Climate Analyzer is designed to work with precipitation quantity. It is easy to use, does not suppose advanced statistical and computational knowledge, and will be freely available on request from the authors.
For the interested readers, the study of the precipitation occurrence has been performed on daily precipitation [25,28,29] for the same region.

2. Methods and Implementation

Climate Analyzer, proposed here, is a user-friendly toolkit written in MatlabR2019b (MathWorks, Inc., Natick, MA, USA) whose main functionality is to implement the MPPM method and its version introduced in [22,23] and described in Section 2.1, Section 2.2 and Section 2.3. The interface and the implementation details are presented in Section 2.4.

2.1. Method I

Suppose that the data series registered at k sites in n consecutive periods are given and let us denote by (yji) (j = 1, …, n) the series registered at the station i (i = 1, …, k).
Method I has the following stages [22].
(I1)
Establish the working intervals: compute the minimum (yj min) and maximum values (yj max), recorded at the jth moment (j = 1, …, n) and their amplitudes (Aj).
(I2)
Divide each interval [yj min, yj max] into mj subintervals with the length Lj = Aj/mj, (j = 1, …, n). The number of intervals is selected by the user, based on the user’s experience or different objective criteria.
Each sub-interval should contain a sufficient number of values.
(I3)
Denote by Yjl, the subinterval l at the moment j and define its frequency, fjl, to be the number of values in Yjl, l = 1, …, mj, j = 1, …, n. Choose the interval whose frequency is maximum, denote it by Ij max and its frequency by fj max.
If there is more than one subinterval whose frequency is equal to fj max, then Ij max will be chosen to be that one whose average is closest to the average of the entire interval [yj min, yj max] (j = 1, …, n).
(I4)
Choose the average of the values in Ij max to be the representative value for the period j (j = 1, …, n).
(I5)
Compute the Mean Absolute Error (MAE) and Mean Standard Error (MSE) corresponding to all the observation sites.
(I6)
Represent graphically the results.
In the initial version of the algorithm, at stage (I3), the existence of at least two intervals with the same maximum frequencies and the same averages was not considered. Therefore, the initial algorithm might choose any of these intervals to be Ij max. Thus, many combinations may appear.

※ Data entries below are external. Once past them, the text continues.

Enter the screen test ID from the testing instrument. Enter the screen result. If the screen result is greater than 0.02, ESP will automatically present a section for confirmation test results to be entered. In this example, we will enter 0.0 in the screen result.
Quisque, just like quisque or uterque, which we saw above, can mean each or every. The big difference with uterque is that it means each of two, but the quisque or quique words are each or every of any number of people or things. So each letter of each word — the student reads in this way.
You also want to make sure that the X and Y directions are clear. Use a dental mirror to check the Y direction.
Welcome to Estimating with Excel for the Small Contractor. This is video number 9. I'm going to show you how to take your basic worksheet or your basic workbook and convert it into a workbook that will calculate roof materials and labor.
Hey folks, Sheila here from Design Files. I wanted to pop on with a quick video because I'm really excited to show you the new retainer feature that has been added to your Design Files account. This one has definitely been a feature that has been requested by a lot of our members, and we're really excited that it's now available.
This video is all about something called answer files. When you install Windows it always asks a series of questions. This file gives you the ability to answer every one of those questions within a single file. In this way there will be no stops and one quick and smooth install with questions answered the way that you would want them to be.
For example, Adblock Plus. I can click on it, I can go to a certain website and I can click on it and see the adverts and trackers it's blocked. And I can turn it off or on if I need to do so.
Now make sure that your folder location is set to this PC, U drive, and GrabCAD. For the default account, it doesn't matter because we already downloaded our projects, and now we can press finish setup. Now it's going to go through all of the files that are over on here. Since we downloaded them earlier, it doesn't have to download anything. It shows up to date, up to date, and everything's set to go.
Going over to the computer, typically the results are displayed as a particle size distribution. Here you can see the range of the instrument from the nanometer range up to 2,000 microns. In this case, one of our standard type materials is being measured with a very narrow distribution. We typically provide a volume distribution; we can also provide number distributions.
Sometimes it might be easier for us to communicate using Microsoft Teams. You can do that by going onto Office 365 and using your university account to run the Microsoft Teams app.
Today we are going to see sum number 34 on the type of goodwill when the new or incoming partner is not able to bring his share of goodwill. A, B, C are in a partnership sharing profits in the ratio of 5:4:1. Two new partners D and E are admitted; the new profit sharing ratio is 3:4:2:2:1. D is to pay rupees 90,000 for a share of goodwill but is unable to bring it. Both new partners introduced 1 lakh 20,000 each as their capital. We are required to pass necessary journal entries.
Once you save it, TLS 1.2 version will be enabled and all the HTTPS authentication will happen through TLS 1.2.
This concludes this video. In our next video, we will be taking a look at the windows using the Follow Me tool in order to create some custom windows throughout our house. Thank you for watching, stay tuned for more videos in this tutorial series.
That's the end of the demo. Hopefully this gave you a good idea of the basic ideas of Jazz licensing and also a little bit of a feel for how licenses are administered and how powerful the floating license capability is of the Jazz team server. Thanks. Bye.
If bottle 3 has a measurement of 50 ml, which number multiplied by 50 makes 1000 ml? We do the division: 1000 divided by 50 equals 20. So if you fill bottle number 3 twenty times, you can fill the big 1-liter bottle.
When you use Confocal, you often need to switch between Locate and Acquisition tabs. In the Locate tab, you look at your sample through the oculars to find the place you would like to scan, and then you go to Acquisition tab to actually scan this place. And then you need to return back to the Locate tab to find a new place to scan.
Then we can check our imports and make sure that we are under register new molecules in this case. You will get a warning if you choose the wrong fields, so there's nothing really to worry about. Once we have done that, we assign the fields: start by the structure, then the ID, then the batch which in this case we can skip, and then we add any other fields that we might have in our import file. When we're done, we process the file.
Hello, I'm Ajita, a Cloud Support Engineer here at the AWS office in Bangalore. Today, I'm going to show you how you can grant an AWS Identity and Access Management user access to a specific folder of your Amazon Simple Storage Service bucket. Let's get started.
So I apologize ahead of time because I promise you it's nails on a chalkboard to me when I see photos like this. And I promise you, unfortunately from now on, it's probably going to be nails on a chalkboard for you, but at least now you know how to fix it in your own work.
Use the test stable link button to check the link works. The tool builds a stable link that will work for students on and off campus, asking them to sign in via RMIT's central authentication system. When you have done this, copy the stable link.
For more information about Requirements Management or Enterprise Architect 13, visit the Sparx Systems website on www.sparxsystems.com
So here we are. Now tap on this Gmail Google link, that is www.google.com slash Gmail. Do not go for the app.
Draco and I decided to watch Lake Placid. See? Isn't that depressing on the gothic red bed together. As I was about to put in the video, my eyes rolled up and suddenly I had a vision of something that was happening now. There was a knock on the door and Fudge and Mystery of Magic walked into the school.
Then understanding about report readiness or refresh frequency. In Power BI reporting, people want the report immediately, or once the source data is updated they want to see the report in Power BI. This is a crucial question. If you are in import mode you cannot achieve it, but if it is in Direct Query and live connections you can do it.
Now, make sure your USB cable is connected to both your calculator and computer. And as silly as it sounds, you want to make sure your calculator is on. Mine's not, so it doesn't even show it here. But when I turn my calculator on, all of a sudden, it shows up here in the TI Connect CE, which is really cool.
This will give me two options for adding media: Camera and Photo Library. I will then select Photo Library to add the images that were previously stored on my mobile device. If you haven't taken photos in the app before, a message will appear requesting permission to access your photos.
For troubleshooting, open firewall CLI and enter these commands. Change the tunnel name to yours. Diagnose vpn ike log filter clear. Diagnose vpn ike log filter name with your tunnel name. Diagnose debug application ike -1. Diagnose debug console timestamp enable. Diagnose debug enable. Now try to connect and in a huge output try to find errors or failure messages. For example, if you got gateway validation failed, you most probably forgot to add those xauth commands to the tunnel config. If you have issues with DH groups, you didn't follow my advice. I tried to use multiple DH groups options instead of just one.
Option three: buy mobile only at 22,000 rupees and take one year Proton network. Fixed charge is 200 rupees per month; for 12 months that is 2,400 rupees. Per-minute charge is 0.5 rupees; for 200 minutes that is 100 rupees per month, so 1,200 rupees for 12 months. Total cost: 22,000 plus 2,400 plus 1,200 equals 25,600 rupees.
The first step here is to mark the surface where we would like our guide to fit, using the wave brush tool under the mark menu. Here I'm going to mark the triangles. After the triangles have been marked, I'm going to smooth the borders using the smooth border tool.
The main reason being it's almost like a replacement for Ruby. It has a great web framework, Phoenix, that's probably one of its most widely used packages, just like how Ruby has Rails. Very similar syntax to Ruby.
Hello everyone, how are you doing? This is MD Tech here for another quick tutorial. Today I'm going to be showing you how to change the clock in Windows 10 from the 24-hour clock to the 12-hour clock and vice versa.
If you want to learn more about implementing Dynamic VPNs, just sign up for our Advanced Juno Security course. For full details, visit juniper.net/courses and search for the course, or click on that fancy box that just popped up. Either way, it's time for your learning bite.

To avoid this issue, at stage (I5), the average of all the values in the intervals with the equal maximum frequency will be the representative value for the period j. The implementation of the algorithm takes into account this situation.

2.2. Method II

Keeping the same notations as in Method I, Method II has the following stages [23].
(II1)
Choose the number of clusters, k and perform the k-means clustering to group the data series into clusters. This step returns an n-by-1 vector (idx) containing the cluster index for each observation site, the locations of the clusters’ centroids, within-cluster sums of point-to-centroid distances and distances from the points to the centroids.
(II2)
Determine the cluster containing the highest number of elements and build a matrix using the data series recorded at the sites from that cluster.
(II3)
Choose the value representing the period j as the average of the values recorded at j at the stations from the cluster with the highest number of observations.
(II4)
Compute the Mean Absolute Error (MAE) and Mean Standard Error (MSE) corresponding to all the observation sites.
(II5)
Represent the results graphically.
In this version of the algorithm, the number of clusters was chosen using the silhouette method, and the cluster selection has been made based on maximizing the ratio BSS/TSS×100, where BSS is the between sum of squares and TSS is the total sum of squares computed in the k-means algorithm [30,31,32]. If two or more clusters have the same number of elements (the highest one), the representative value computed at (II3) is the average of all the elements belonging to the cluster with the highest ratio.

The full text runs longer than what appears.